But then, Europe was better prepared. There were obvious parallels between Devo and the streamlined epiphanies of Krautrock, especially Kraftwerk - the uniforms, the repetition, the steam-piston rhythms, the mannered, robotic method of playing - and no-one of great significance in America was using synths in such a goddamn European - or ‘faggy’, because in Europe we are all ‘fags’ - way. Devo’s 1978 debut album, Q: Are We Not Men? A: We Are Devo! was almost an honorary krautrock document, having been produced by Brian Eno at Conny Plank’s studio in Cologne. Although it’s now accepted as a post-punk cult classic, in truth it’s a little too clean, a little too Enossified, and as a result lacks the rough robotic energy and effluent electronic splurge of the band’s pre-Eno material. Casale and the band reputedly tried to convince Eno to perfectly replicate the sound of their demos, leading Eno to brand the band ‘anal’.

The Hornbyite drones of the mainstream music press will tell you that Q: Are We Not Men?... is the only truly essential Devo album, that Duty Now For The Future (1979), Freedom Of Choice (1980), New Traditionalists (1981), Oh, No! It’s Devo (1982) and Shout (1984) are little more the desperate splutterings of a novelty band outstaying their welcome, perhaps grudgefully admitting that motivational S&M anthem ‘Whip It’ from Freedom... is a pretty good tune. This news may shock some of our more sensitive readers, but guess what? They’re wrong. Over the course of these five albums, Devo dispensed with guitars in favour of gleaming, hi-definition (if frequently haywire) synthwork, while the lyrics swung wildly between pitch-black pessimism and pisstake perkiness. Post-debut Devo did not only give us ‘Whip It’, but also ‘Freedom Of Choice’, ‘Girl U Want’, ‘Gates Of Steel’, ‘Through Being Cool’, ‘Peek-A-Boo’ and ‘Beautiful World’. The latter, a bitterly poignant assault on the asinine positivity of the Reagan administration, is Devo at their angriest and most honest. It’s surprising and a little disappointing, then, that Casale considers the end of the true Devo to have taken place as early as 1978.

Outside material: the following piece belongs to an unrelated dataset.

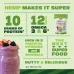 Manitoba Harvest Organic Hemp Hearts Shelled Hemp Seeds - 12 oz - Image 3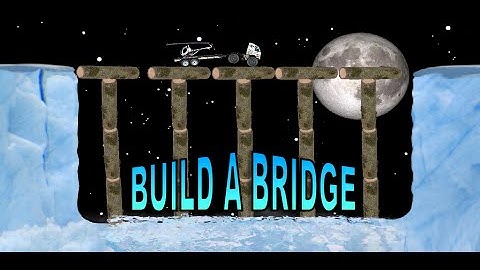 Build A Bridge - Android and iOS Free Game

“I'm trying right now to make a feature film about us. It would start in 1974 and end in 1978 when we go on Saturday Night Live, and were a big hit that night. It's called ‘The Beginning Was The End’ and the way you watch the movie, you know that it’s over that night. That Devo, the real Devo, is over.”
So what was the Devo that came after that?
“Then you get to the corporate meat grinder, and all the things that come with it, both the good and bad. The pressures and the insanity, because basically your fate isn't your own any more. Because you can't really do that many things to control it.”

Of course, the news on every spud’s lips is that Devo are about to tour the UK for the first time in over fifteen years. Good news, right? A ‘legendary’ band returning to our shores, a chance to see something many of us were too young to experience the first time around. Yeah, great. Yawn. But wait - can this world really be as dumb as it seems? Could it be getting even dumber? And could it be that somehow Devo are more relevant now than ever? Maybe.
“Devo was a serious joke. We didn't even really believe things would get this bad. Now we see that we were unfortunately very right, beyond our expectations. De-evolution is real and we're all living in a de-evolved, corporate, futile world. Run by morons, and run by ideologues written by greed and religion of every stripe – it's not just the Muslims, it's our guys right here. They're itching for a fight because they're fundamentalist Christians. Your own guy Tony is in on that, and it's horror. A normal rational person that pays their bills, minds their own business has a high IQ just sits back in horror and watches the world be hijacked by morons and creeps. And pays the price. Nobody cares because there's a mass of sheep out there who are just consumer conformists, who have been turned into an audience. And they download ‘content’. And it's awful. And that's it. There's informed focus group who check an opinion poll and it's all moronic, a circus.”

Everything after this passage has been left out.